The Gaia hypothesis is testable. Some find it wanting. Others, including leading climate change modellers, have found it helpful. But to dismiss it on grounds that a theory of emergent homeostasis is flawed because it requires intentionality is an error akin to dismissing natural selection on the grounds that it is incompatible with the second law of thermodynamics.

An occasionally slapdash approach continues with some of what Jones writes with regard to the challenge of climate change and how to meet it. In a passage on why wind turbines are not part of the answer to global heating (ironically, a view he shares with Lovelock but not with most greens), Jones writes that “Even Denmark, long a leader in the field, has begun to abandon the devices”.

The fact is that Denmark has done anything but abandon wind turbines. It is true that few new wind farms are now being built in that far from rotten state, but this is because they have already achieved something like an optimum proportion of generating capacity for today’s kind of electrical grid.

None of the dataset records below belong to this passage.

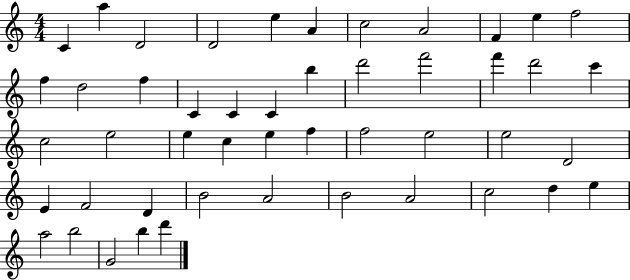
{
  \clef treble
  \numericTimeSignature
  \time 4/4
  \key c \major
  c'4 a''4 d'2 | d'2 e''4 a'4 | c''2 a'2 | f'4 e''4 f''2 | \break f''4 d''2 f''4 | c'4 c'4 c'4 b''4 | d'''2 f'''2 | f'''4 d'''2 c'''4 | \break c''2 e''2 | e''4 c''4 e''4 f''4 | f''2 e''2 | e''2 d'2 | \break e'4 f'2 d'4 | b'2 a'2 | b'2 a'2 | c''2 d''4 e''4 | \break a''2 b''2 | g'2 b''4 d'''4 | \bar "|."
} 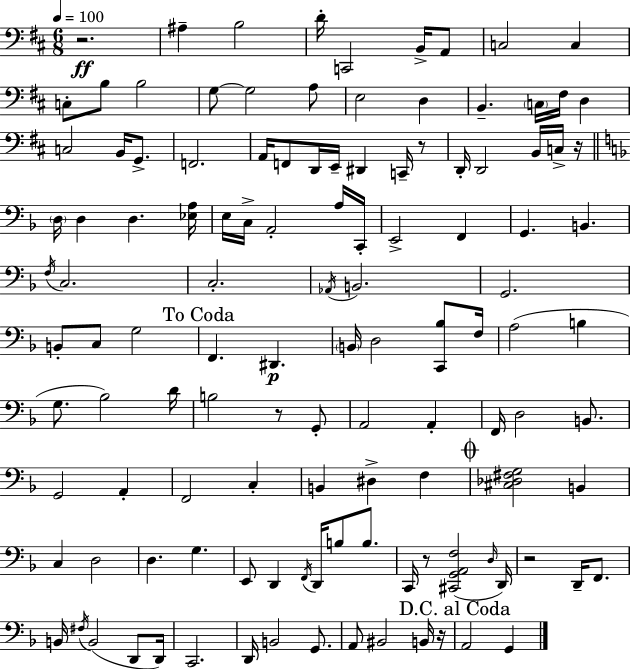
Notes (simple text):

R/h. A#3/q B3/h D4/s C2/h B2/s A2/e C3/h C3/q C3/e B3/e B3/h G3/e G3/h A3/e E3/h D3/q B2/q. C3/s F#3/s D3/q C3/h B2/s G2/e. F2/h. A2/s F2/e D2/s E2/s D#2/q C2/s R/e D2/s D2/h B2/s C3/s R/s D3/s D3/q D3/q. [Eb3,A3]/s E3/s C3/s A2/h A3/s C2/s E2/h F2/q G2/q. B2/q. F3/s C3/h. C3/h. Ab2/s B2/h. G2/h. B2/e C3/e G3/h F2/q. D#2/q. B2/s D3/h [C2,Bb3]/e F3/s A3/h B3/q G3/e. Bb3/h D4/s B3/h R/e G2/e A2/h A2/q F2/s D3/h B2/e. G2/h A2/q F2/h C3/q B2/q D#3/q F3/q [C#3,Db3,F#3,G3]/h B2/q C3/q D3/h D3/q. G3/q. E2/e D2/q F2/s D2/s B3/e B3/e. C2/s R/e [C#2,G2,A2,F3]/h D3/s D2/s R/h D2/s F2/e. B2/s F#3/s B2/h D2/e D2/s C2/h. D2/s B2/h G2/e. A2/e BIS2/h B2/s R/s A2/h G2/q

Three Gigawatts of wind power meets more than 20% of Danish national energy demand (in Britain the figure last time I checked was well under 2%). Meanwhile, the industry accounts for about 40% of the world export market in wind technology and contributes some 3bn Euros a year to the sizzling economy.

But my main misgiving about this book is that less than three out of two hundred and nineteen pages of continuous text are given to what, if anything, can be done to save the corals reefs.

The New Yorker magazine recently published an amusing account by Rebecca Mead of “Apocalypse Not”, a meeting of mainstream Christian denominations opposed to the end times glee of Christian fundamentalists. A dissenter from the cuddly liberal consensus was one Jürgen Moltmann, an octogenarian theologian from Tübingen. Sitting, glass of wine in hand, in a wing chair in the rector’s parlor of a five and a half million dollar town house owned by the Episcopalian church in one of the choicest areas of Manhattan, Professor Moltmann advised against undue concern for the fate of the present assemblage of life on Earth: “If you are mankind-centered, it’s a catastrophe; but if you are life-centered it is that while one life ends, another begins.”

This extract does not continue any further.